The neoliberal center is actively supportive of market freedom, while the Left isn’t. That distinction matters.
In 2010, the National Review’s Stanley Kurtz published a book titled Radical-in-Chief: Barack Obama and the Untold Story of American Socialism, in which he argued that then-President Obama embodied a “stealthy, pragmatic and gradualist socialism.”
At the time, mainstream liberals wanted nothing to do with the politically poisonous term, and the Obama campaign’s own fact-checking website “Fight the Smears” strongly denied Kurtz’s claims that the president shared the socialist politics of the community organizers he’d worked with in Chicago.
That was seven years ago, and things have changed. Now, in the wake of Bernie Sanders’ unexpectedly historic campaign, socialism has lost some of its toxicity among mainstream liberals.
Popular websites such as Vox and The Huffington Post regularly publish stories debating socialist policies. In a post on Medium earlier this year, one self-described liberal “solutionist” even used the same phraseology as Kurtz, citing Barack Obama and Elon Musk approvingly as the kind of “pragmatic socialists”—unfairly derided as “neoliberals” by “absolute socialists”—that the world needs.
At first glance, it’s encouraging that in 2017 socialism has enough political currency that some liberals are comfortable openly acknowledging its relative merits rather than distancing themselves for fear of contamination. But, on the other hand, this formula of separating the broad Left into pragmatists and purists is patronizing—and wrong. “We want what you want,” it heckles, “only we’re smarter and more realistic.”
Such a formulation obscures the fact that socialism and neoliberalism are distinct political-economic orientations, opposed to each other on critical issues—particularly the role of the state in regulating markets and the role of private enterprise in providing essential goods and services.
On July 16, Jonathan Chait pulled a similar maneuver in an article for New York Magazine, roundly dismissing the term “neoliberal” as an empty insult devised by the purity Left to attack its steadfast allies in the Democratic Party. (The piece was artfully disassembled by both Paul Blest at The Outline and Mike Konczal at Vox, who refute Chait’s claim that the Democratic Party hasn’t moved right on economic issues since the 1970s.)

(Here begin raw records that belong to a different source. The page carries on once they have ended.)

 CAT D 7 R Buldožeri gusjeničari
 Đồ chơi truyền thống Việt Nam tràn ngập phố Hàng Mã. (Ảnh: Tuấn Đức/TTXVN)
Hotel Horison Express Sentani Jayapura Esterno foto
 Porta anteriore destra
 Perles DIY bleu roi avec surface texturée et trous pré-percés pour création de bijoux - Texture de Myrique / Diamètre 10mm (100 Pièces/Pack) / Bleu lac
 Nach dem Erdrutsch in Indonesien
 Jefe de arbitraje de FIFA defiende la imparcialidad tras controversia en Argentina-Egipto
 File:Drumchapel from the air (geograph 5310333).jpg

Where liberal commentators have historically been uncomfortable associating with socialists, they now demonstrate a growing tendency to elide the oppositional nature of the Left and the center to insist on shared pursuit of common goals. To hear some liberals tell it, the difference is primarily one of method, not substance. This overfamiliarity gives liberals special license to scold the Left for attacking the center, which is on its side for heaven’s sake.
In reality, it’s not simply that the center is more pro-capitalist than the Left—as though the two sides exist on a gradated spectrum, impossible to pinpoint where one ends and the other begins. The difference is actually quite clear: the neoliberal center is actively supportive of market freedom, while the Left isn’t. That distinction matters.
Neoliberalism is an economic philosophy that has its origins in Germany, France and the United Kingdom. After World War II, the doctrine migrated to the University of Chicago, where neoliberal economists, chief among them Friedrich von Hayek and Milton Friedman, established what became known as the Chicago School. This bastion of free-market fundamentalism proved massively influential in advancing neoliberal ideology around the world, most notably in Chile following the U.S.-backed overthrow of Salvador Allende’s socialist government in 1973.
Neoliberal ideology is rooted in the belief that the capitalist economy should be buttressed and protected from collapse by state assistance. But the state should otherwise allow market forces to move freely, unimpeded by government regulation.
In A Brief History of Neoliberalism, Marxist scholar David Harvey points out that the 1970s global financial crises “appeared to point towards the emergence of a socialist alternative,” and neoliberalism surged in popularity among capitalists who were unwilling to lose the “social compromise between capital and labor that had grounded capital accumulation so successfully in the post-war period.”
In the United States, neoliberalism’s raison d’être—especially as it began migrating out of academia and into political-policy-making in the 1970s and 1980s—was to dismantle trade unionism and New Deal social democratic programs, and to deregulate business at every opportunity.
Throughout history, neoliberalism has proven to be anti-socialist at its core.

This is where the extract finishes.